In 2002, Purple Rose Films produced an original movie entitled Super Sucker, a story about vacuum cleaner salesmen. The film was shot entirely in Jackson, Michigan. Eleven actors in the film were associated with the Purple Rose Theatre, including Jeff Daniels, Matt Letscher, Guy Sanville, and Michelle Mountain.

In 2013, Blue Frog Productions produced Vino Veritas, based on the play of the same name written by David MacGregor. The film was shot in Lincoln, Nebraska.

In 2017, Mirrorcore Productions produced Wake, based on the play of the same name written by Carey Crim. The film was shot in California.

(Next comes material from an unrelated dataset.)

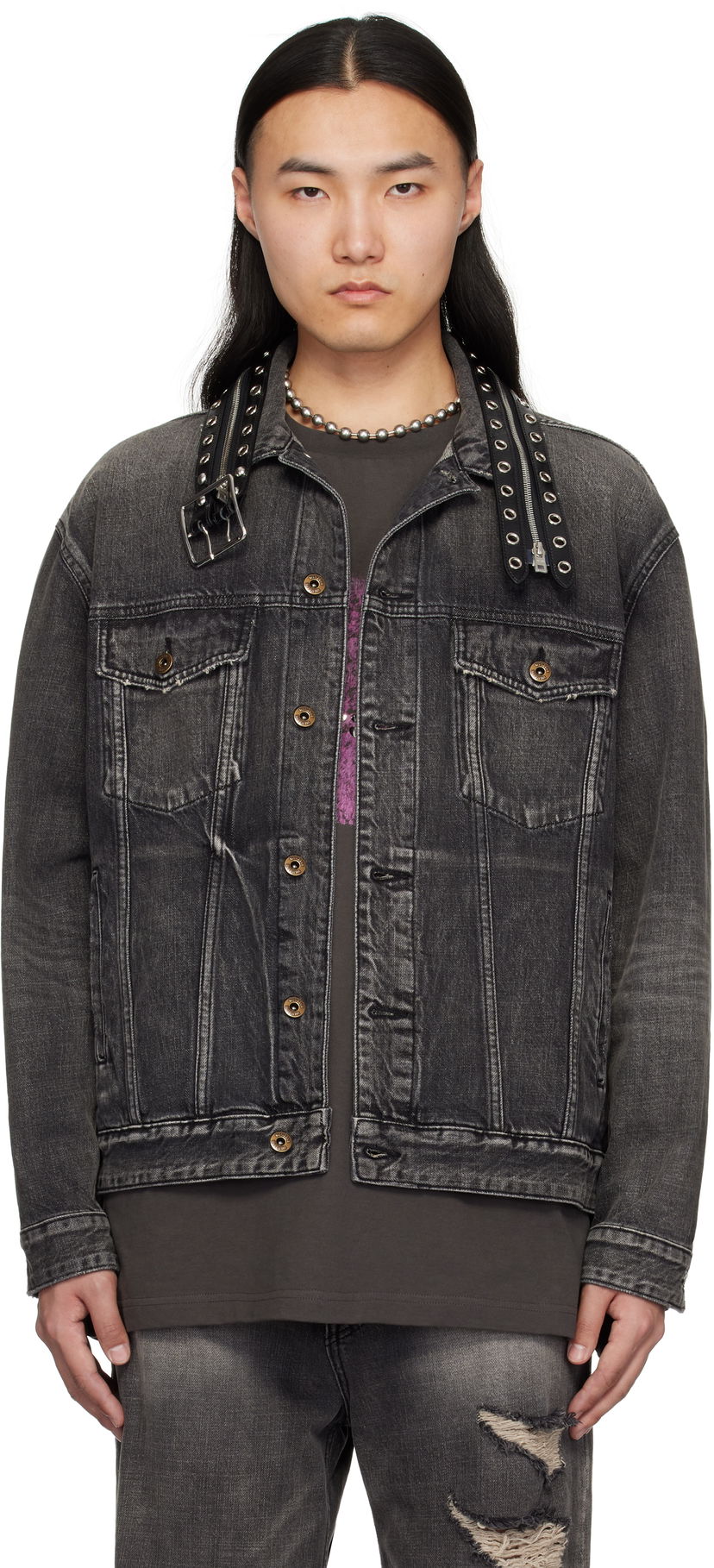 Jacka We11done We11done Belted Collar Denim Jacket Svart | WD-DJ0-25-315-U-BK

In 2017, Grand River Productions produced Guest Artist, based on the play of the same name written by Jeff Daniels. The film is almost entirely cast with actors from the Purple Rose including Jeff Daniels, Richard McWilliams (Harvey as Elwood P. Dowd & All My Sons as Joe Keller) and Thomas Macias, who started at the Purple Rose as an apprentice in 2013. The film was directed by Timothy Busfield and was shot on location in New York City, New York and Chelsea, Michigan.

In 2019, Doorstop Productions produced a short film called Just Desserts, based on the short play of the same name written by David MacGregor. The film was shot in Orange, New Jersey.

Television 
In October 2015, Purple Rose: 25 Years premiered on Detroit Public Television. This documentary, produced by 2188, features the story of the Purple Rose with stories and interviews from some of the artists associated with the theatre.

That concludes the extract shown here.